ACTION ITEM:
Pictures in the records below must be left out. Return exactly the lines from the line with "Compeed Plastry na" to the line with "Ashley Furniture Owingsville", both included.

INFORMATION GIVEN:
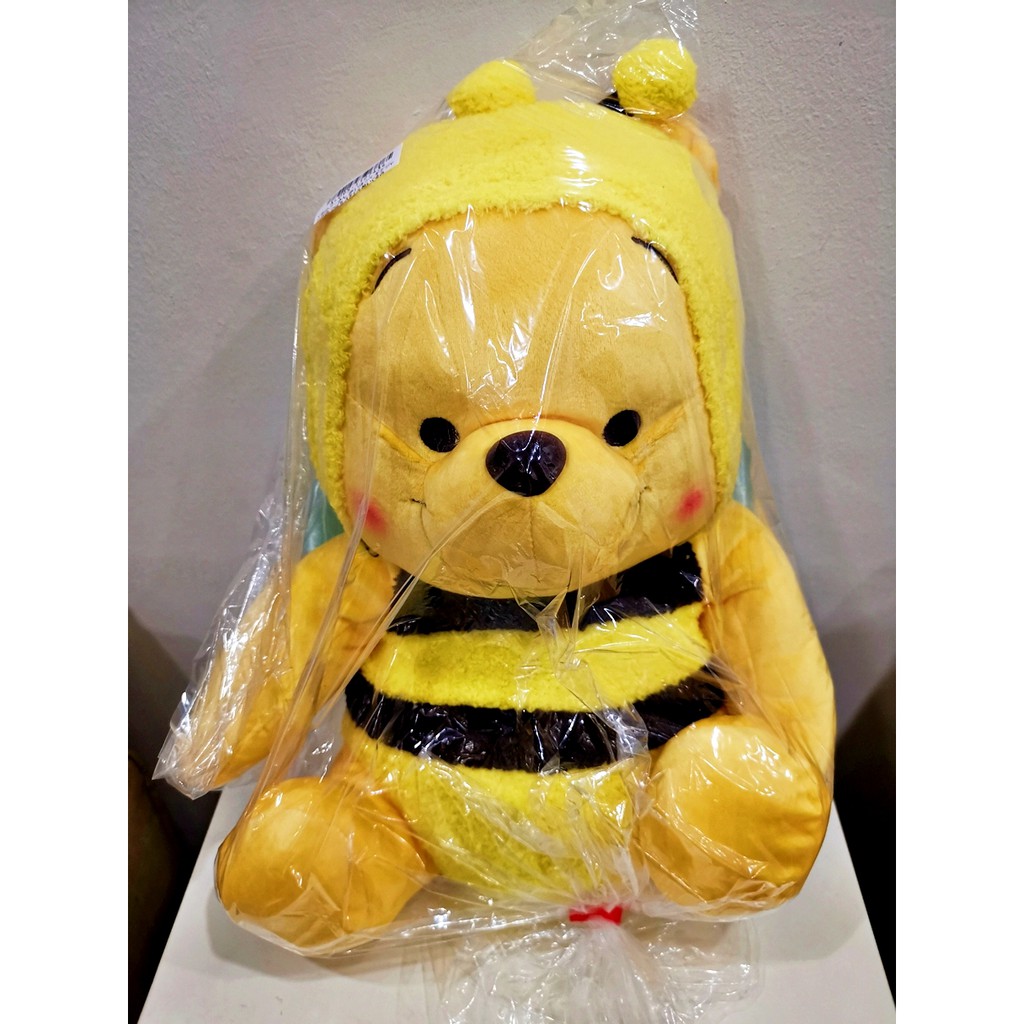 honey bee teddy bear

...

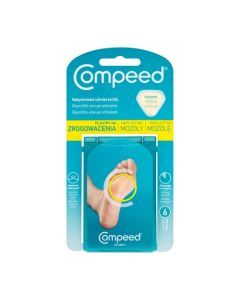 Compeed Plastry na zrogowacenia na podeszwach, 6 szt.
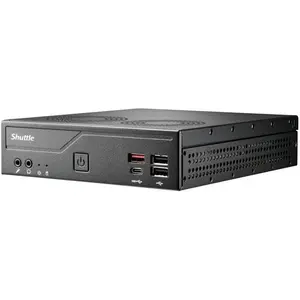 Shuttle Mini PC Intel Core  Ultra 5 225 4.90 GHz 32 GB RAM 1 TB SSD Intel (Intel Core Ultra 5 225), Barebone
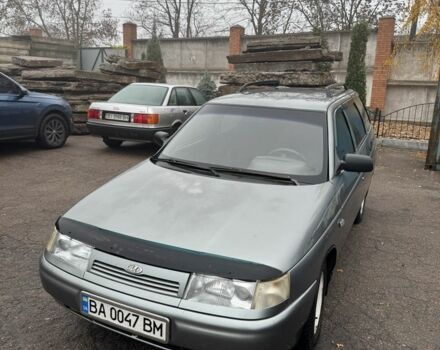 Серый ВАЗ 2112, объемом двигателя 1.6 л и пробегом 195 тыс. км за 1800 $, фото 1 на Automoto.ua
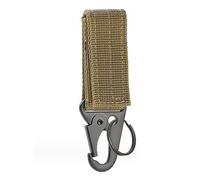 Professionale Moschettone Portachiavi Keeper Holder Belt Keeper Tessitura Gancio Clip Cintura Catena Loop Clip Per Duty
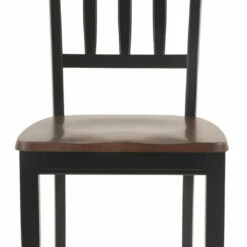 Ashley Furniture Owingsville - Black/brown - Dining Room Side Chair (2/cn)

* * *

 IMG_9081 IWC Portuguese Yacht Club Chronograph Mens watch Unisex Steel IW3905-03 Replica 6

RESPONSE AREA:
 Compeed Plastry na zrogowacenia na podeszwach, 6 szt.
 Shuttle Mini PC Intel Core  Ultra 5 225 4.90 GHz 32 GB RAM 1 TB SSD Intel (Intel Core Ultra 5 225), Barebone
 Серый ВАЗ 2112, объемом двигателя 1.6 л и пробегом 195 тыс. км за 1800 $, фото 1 на Automoto.ua
 Professionale Moschettone Portachiavi Keeper Holder Belt Keeper Tessitura Gancio Clip Cintura Catena Loop Clip Per Duty
 Ashley Furniture Owingsville - Black/brown - Dining Room Side Chair (2/cn)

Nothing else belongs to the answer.